Directions → Somewhere below, one line contains "Raumansicht mit gemusterter" and a later line contains "Typical landscape at". Output those two lines and everything between them exactly, and nothing else.

++++++

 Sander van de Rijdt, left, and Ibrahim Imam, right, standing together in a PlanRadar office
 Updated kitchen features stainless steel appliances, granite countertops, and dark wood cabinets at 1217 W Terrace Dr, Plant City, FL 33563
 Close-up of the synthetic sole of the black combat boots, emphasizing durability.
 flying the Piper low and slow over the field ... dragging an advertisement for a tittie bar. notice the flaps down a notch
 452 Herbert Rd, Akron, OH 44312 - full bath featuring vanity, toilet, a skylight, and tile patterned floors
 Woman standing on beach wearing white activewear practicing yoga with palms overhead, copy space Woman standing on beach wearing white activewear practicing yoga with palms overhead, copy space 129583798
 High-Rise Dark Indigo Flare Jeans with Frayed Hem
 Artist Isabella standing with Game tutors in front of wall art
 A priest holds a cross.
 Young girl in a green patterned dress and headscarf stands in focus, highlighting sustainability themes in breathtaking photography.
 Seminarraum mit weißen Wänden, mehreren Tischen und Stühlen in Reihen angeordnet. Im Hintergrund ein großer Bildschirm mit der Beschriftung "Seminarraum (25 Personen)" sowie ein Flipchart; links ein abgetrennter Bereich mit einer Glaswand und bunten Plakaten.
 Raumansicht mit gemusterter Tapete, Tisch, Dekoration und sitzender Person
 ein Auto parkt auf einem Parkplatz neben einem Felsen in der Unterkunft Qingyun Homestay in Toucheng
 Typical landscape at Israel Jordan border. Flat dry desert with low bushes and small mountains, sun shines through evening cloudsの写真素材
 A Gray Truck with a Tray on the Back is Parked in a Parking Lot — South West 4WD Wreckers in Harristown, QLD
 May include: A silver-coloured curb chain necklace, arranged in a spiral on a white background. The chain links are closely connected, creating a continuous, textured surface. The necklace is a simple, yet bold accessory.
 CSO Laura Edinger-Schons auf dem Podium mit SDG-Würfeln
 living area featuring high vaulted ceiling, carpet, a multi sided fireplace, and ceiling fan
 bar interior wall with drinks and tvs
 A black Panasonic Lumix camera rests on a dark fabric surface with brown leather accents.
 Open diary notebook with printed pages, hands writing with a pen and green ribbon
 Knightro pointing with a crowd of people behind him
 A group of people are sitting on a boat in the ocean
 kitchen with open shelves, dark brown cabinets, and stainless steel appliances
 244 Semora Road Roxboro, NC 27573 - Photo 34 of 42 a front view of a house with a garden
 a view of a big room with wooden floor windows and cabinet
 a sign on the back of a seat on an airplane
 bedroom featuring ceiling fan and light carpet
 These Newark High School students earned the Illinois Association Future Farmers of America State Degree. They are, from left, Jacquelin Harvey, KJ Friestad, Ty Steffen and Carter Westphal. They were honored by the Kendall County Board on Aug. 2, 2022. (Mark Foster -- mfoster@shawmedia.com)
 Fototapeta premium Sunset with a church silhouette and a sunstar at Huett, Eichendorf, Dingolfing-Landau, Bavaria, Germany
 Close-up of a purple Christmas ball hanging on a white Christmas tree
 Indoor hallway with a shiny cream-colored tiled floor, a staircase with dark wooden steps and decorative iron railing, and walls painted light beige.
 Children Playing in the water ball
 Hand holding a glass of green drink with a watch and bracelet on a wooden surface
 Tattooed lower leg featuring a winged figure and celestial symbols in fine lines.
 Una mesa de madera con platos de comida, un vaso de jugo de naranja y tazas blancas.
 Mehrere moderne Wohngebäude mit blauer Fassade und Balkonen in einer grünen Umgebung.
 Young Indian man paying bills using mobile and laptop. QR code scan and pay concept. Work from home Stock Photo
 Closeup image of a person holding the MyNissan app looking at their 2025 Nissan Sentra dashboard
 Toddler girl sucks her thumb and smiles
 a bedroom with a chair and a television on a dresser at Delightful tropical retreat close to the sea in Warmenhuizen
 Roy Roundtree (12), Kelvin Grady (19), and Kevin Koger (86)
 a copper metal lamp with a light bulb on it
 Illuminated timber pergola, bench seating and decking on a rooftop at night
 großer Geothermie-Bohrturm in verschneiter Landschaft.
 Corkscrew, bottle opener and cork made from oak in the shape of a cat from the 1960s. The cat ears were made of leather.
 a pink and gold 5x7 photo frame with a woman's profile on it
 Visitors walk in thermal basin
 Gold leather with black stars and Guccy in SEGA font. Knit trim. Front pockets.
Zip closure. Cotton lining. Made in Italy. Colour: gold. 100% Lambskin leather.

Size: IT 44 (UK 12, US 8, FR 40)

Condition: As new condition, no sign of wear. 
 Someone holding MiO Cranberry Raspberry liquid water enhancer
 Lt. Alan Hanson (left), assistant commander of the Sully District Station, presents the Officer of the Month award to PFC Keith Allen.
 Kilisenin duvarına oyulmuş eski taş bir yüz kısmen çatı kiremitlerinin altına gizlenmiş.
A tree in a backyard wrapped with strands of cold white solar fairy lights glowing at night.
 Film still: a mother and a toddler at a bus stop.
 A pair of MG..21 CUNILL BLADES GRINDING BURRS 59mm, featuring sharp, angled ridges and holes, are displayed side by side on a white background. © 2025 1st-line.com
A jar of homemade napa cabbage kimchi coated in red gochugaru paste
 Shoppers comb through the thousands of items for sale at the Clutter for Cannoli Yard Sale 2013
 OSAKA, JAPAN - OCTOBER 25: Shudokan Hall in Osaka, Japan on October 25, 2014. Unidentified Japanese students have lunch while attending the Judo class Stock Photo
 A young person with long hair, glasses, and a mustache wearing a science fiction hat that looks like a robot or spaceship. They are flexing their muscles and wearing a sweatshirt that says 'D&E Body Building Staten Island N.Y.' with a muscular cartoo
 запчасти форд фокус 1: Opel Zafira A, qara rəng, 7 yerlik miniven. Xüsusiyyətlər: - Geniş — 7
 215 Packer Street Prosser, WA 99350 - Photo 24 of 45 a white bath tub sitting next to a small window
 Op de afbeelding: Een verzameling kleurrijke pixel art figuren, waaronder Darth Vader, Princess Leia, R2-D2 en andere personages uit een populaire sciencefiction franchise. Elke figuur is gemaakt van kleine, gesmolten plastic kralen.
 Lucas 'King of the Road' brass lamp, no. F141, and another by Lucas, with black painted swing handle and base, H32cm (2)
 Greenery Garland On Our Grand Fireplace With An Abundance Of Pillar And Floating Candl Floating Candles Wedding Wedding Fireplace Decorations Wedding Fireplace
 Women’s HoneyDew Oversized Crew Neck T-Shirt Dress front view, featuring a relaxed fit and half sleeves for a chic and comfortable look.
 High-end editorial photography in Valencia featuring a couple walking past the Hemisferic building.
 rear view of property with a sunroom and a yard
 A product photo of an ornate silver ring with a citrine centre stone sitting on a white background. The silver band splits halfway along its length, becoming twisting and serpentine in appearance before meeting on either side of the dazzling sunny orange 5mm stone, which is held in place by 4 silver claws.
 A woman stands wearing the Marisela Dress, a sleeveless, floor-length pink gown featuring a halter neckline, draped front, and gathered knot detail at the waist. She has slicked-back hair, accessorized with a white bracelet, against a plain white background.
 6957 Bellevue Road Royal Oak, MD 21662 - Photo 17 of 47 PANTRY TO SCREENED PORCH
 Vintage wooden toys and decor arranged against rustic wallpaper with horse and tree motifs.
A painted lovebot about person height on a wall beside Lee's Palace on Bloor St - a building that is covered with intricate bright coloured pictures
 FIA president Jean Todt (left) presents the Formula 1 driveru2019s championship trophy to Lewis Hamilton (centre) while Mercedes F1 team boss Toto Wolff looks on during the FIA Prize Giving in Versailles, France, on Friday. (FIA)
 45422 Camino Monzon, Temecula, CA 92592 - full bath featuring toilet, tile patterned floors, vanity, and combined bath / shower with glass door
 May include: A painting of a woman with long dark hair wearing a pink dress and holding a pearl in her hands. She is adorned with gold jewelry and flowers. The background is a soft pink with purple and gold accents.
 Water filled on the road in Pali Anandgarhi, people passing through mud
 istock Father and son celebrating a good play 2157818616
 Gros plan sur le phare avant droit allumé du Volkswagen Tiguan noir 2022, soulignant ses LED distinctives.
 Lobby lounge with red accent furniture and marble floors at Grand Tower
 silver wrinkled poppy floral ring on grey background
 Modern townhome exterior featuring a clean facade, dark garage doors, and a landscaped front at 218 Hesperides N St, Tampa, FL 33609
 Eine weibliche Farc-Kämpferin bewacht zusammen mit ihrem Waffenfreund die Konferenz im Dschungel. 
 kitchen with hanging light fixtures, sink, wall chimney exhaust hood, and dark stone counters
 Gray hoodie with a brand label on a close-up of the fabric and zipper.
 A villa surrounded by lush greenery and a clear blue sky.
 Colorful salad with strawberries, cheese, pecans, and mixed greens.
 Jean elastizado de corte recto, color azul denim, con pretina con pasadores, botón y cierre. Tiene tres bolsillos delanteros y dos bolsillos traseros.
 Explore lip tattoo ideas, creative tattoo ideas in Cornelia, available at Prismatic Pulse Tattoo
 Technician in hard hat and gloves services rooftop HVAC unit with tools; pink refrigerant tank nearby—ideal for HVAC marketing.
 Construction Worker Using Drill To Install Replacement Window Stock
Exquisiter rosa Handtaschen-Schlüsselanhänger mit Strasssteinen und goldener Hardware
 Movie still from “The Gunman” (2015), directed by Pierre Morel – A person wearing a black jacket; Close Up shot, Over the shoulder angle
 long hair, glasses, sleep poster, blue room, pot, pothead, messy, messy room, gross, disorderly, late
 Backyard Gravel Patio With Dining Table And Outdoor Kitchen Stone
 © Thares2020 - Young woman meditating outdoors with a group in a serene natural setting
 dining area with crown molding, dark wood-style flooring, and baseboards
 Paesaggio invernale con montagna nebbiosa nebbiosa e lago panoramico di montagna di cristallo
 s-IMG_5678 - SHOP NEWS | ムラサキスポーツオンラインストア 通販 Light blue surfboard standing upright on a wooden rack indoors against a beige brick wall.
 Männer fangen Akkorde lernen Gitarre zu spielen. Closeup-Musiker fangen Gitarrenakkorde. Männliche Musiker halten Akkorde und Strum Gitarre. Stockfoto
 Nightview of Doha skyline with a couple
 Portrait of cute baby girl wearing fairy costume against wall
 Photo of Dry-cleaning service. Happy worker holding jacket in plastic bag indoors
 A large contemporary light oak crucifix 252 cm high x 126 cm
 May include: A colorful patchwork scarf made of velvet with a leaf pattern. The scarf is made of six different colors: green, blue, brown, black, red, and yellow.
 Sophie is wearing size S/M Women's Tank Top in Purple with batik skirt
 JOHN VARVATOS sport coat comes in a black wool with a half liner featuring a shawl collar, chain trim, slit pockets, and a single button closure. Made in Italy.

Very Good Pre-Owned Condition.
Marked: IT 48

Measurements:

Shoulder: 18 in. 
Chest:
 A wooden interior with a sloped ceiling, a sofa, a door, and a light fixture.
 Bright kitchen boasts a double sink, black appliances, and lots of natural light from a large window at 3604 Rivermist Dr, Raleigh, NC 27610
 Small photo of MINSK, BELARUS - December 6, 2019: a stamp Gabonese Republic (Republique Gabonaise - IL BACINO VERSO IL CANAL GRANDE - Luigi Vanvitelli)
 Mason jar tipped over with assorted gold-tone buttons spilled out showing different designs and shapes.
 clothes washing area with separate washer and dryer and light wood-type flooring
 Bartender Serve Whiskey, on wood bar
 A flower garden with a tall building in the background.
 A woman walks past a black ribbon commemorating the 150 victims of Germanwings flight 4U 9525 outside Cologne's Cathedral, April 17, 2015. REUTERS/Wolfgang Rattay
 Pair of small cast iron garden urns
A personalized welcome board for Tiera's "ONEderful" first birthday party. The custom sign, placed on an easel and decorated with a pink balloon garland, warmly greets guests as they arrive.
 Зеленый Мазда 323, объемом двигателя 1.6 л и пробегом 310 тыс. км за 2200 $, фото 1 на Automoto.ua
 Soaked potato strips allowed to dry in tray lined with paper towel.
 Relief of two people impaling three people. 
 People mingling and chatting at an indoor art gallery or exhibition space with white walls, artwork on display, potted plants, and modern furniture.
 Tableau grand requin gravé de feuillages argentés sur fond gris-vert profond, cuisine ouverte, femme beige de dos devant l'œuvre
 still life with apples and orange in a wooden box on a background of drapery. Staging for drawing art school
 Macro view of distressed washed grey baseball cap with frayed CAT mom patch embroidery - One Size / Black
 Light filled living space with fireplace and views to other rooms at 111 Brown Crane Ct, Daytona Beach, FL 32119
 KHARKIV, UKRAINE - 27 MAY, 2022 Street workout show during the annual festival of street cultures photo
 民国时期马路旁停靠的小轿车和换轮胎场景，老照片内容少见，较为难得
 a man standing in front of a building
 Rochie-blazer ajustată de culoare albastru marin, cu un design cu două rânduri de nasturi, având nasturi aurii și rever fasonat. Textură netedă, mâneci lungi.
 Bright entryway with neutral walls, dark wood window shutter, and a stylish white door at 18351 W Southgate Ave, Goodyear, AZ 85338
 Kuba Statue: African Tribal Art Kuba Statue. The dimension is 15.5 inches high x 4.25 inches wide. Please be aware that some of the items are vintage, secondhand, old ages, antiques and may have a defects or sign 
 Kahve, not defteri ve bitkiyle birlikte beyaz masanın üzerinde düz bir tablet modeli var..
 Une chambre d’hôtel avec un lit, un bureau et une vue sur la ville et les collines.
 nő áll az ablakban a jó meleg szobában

++++++

Worked solution →
 Raumansicht mit gemusterter Tapete, Tisch, Dekoration und sitzender Person
 ein Auto parkt auf einem Parkplatz neben einem Felsen in der Unterkunft Qingyun Homestay in Toucheng
 Typical landscape at Israel Jordan border. Flat dry desert with low bushes and small mountains, sun shines through evening cloudsの写真素材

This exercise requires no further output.